My Lords, obviously I have not had time to read the full document in the Library, so may I ask whether the terms of reference will enable the Royal Commission to look at the interface in terms of care between social services and the health service and, in particular, services such as physiotherapy which are available only to the health service and which can help to extend elderly people's physical ability to move? Will the Government also bear in mind the importance of preventive care, which has a wider role to play? Finally, will the wider target group include people from the Councils for Voluntary Service which have long experience of co-ordinating various agencies in order to solve problems?

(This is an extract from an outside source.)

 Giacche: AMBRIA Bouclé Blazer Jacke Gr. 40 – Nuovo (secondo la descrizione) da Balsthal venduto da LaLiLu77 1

Baroness Jay of Paddington

My Lords, I have the exact terms of reference in front of me. I realise that the noble Baroness has not had the opportunity to read them in the Library. The specific point about physiotherapy is not made, but I would feel that it is encompassed in the term which refers to looking at the strengths and weaknesses of the current arrangements. The one thing that is clear about the delivery of care in the community is the so-called "Berlin Wall" between health and social services. That could be demonstrated to be a weakness of the current arrangements to which I am sure attention will be drawn. With regard to the specific membership of the reference group, the organisation to which the noble Baroness referred does not appear in the list that I have before me, but that does not necessarily mean that it is not included. I believe that the list simply records those who have already been approached.

Lord Borrie

My Lords, when repeating the Statement, I noted the phrase—I believe that I quote it correctly—that the Royal Commission will "have regard to the Government's review of pensions". Does that mean that if the pensions review results in a compulsory element of contribution for the second pension, it will not be appropriate for people to be compulsorily required to contribute towards their possible need for long-term care in old age? If I may phrase the question slightly differently: do Her Majesty's Government agree that there are fewer arguments for compulsion for long-term care contributions because the risk of need for care is less obvious than the risk of need for a pension from the age of 60?

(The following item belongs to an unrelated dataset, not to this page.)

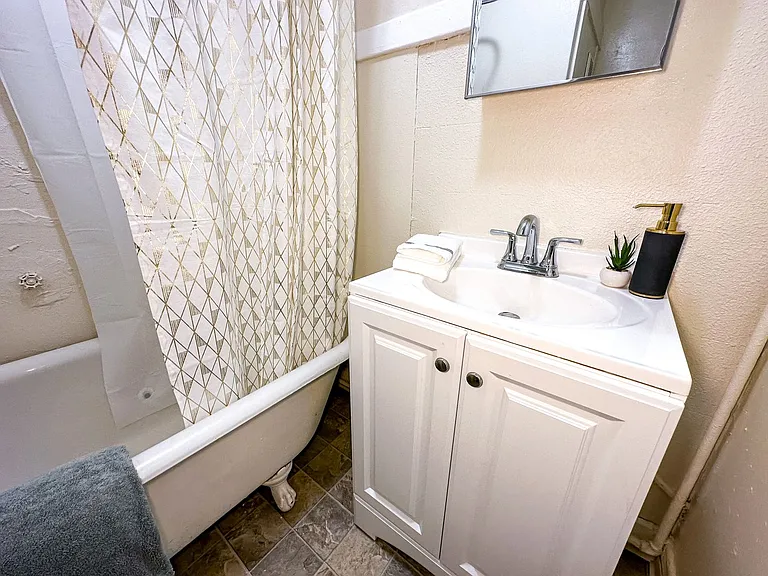 Casa Del Rey Apartments — Photo 16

Baroness Jay of Paddington

My Lords, I suspect that my noble friend is asking me to pre-judge some of the intellectual discussions which will undoubtedly form the meat of Sir Stewart's inquiry. My noble friend has put his finger on an important point. At the moment all I can say is that we clearly understand the direct relationship between the Royal Commission and the pensions review. There are obvious links to ensure coherence between the different aspects of the reviews of government policy in terms of the pensions review, a wider look at the welfare state as a whole, and the Royal Commission. As a government we need to ensure that those different groups, all of which are considering the same problem but from slightly different angles, produce a coherent policy in the end.

Lord Swinfen

My Lords, will the Royal Commission consider the position of the dependants of the person who needs long-term care? So often, the cost of such care is so great that it puts the dependants into a serious and difficult financial position which can at times have detrimental effects on those dependants' health and, as a result, can cost the National Health Service a considerable amount of money.

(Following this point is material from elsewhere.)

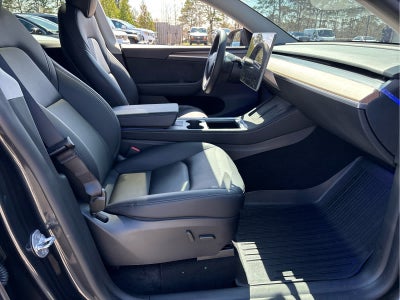 2025 Tesla Model Y Performance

Baroness Jay of Paddington

My Lords, that point is covered in the provisions which specifically relate to the interests of both carers and users. It is reflected in the inclusion of my noble friend Lady Pitkeathley in the reference group as a representative of the Carers' National Association. As the noble Lord rightly points out, those who are looking after the frail and elderly should be an important consideration. That point was reflected also in the comments of the noble Earl who referred to those people who have been compelled to sell their marital home when one partner enters long-term care. I am sure that that problem will be addressed and that the general issue which the noble Lord raises will be covered by the broad umbrella remit to look at the concerns of the carers as well as of the users of services.